İkincisi ise; itiraz üretmek, muhalefet etmek ve çürütmeye çalışmak için, bir cidal usûlü olarak sualler sormaktır.

Dînimiz; birinci tarzdaki sualleri destekleyip, cevaplarını verirken, ikincisine ihtiyaç kalmamıştır.

Peygamber Efendimiz -sallâllâhu aleyhi ve sellem-; ashâbını bu mânâda yani âdetâ itiraz, işi yokuşa sürme, zorlaştırma ve geciktirme mânâsına gelebilecek tarzda çok sual sormaktan men etmiş, buna mukabil ashâbından; aklın sınırını aşan meselelerde; سَمِعْنَا وَاَطَعْنَا «İşittik itaat ettik!» diyerek teslîmiyet göstermelerini istemiştir. Önceki kavimlerin de çok sual sormaları sebebiyle helâk olduklarını bildirmiştir.

Bilhassa mâneviyat ve hikmet sahasının, bu itiraz suallerine kapalı olduğunun bir şahidi de, Hızır -aleyhisselâm- ve Musa -aleyhisselâm- kıssasıdır. Ledünnî ilme talip olarak, Hızır -aleyhisselâm-’a tâbî olmak isteyen Hazret-i Musa’ya, Hazret-i Hızır;

“–Ben açıklamadıkça, sual sormayacak, itiraz etmeyeceksin!” şartını koşmuştur. (el-Kehf, 70)

Bu şartı kabul etmesine rağmen, dayanamayarak itiraz eden
Hazret-i Musa; üçüncü suâlinden sonra, bu eğitim yolculuğundan ayrılmak zorunda kalmıştır. Hızır -aleyhisselâm-; yaptıklarının sebep ve hikmetlerini bildirdiğinde ise, Hazret-i Musa, biraz evvel itiraz ettiği bütün o hâdiselerin hikmetine hayran kalmıştır.

Bu dünyada üretilen sualler de kıyâmette böyle olacaktır. Birçok âyet-i kerîmede şu tarzda beyanlar buyurulur:

“…Sonunda dönüşünüz Rabbinizedir. Ve O, ihtilâfa düştüğünüz hususları size haber verecektir.” (el-En‘âm, 164)

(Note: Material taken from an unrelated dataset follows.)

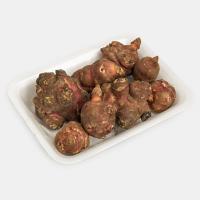 سیب زمینی ترشی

Rabbânî âlimler ve irfân ehli zâtlar; böyle mûteriz ve bilgiççe suallere cevap vermekle uğraşmazlar. Hazret-i Mevlânâ bunu şu kıssa ile ne güzel anlatır:

KENDİ SUALLERİNDE BOĞUL!

“Usta bir berberin dükkânına kır saçlı bir adam koşarak geldi;

«–Yiğidim!» dedi. «Sakalımdaki ağarmış kılları bir bir yol! Çünkü ben, yeni evlendim.»

Berber adamın sakalını tamamıyla tıraş ederek kılları önüne koydu ve;

«–Benim bir işim çıktı, ben gidiyorum. Kılları sen kendin ayıkla!» dedi.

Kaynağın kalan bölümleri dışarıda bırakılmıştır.